If you go on our website, you will find that in October of 2024, we did a research forum. There's a broadcast and there are slides that go into this in great detail, but essentially we have more robust efficacy than the approved agent, and as I indicated, we have a really substantial improvement in the safety profile, and that's really down to the design of the molecule and some of the principles that I commented on when I was talking about what our platform technology allows us to achieve. So excited to get that molecule into the clinic and prove that, in fact, we are meaningfully better from an efficacy and safety standpoint, and that this can represent an important medicine for many people with different solid tumors, some of which we've talked about here today.
Great. So in the next six to 12 months, what would you say would be the key catalyst for Sutro?
You know, I think from our standpoint, having an opportunity to talk a little bit more about the December data will be useful and validating, but I think more to the point, having the opportunity to get into the clinic with STRO-004 and to see how it performs is going to be a very exciting moment for us and I think very important for the industry as well. Beyond that, with going back to Luvelta, we have started a trial in non-small cell lung cancer, and so we'll see how quickly we can get that sort of dataset.

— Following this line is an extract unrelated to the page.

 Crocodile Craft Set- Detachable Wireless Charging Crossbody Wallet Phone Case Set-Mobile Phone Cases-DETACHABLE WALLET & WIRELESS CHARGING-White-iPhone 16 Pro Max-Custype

The last thing I'm going to say is, while I don't guide on specific deals in terms of when it's going to happen, what it's going to look like, what the economics might be, I can say that we've had a rich history of doing really excellent business development, and we're going to continue to work hard in business development. We want the right deal. We want the right partner because having the right economics and having the wrong partner is a recipe for disaster. So we've been fortunate. We've had great partners along the way. We're going to continue to look for the right partner, whether it's for Luvelta or for our platform in some other fashion, but I think a deal could be something that could be very meaningful for us on a going forward basis as well.
Great. If there are no further questions, then thank you all for your time.
Thank you for having me here, and thank you all for staying with me.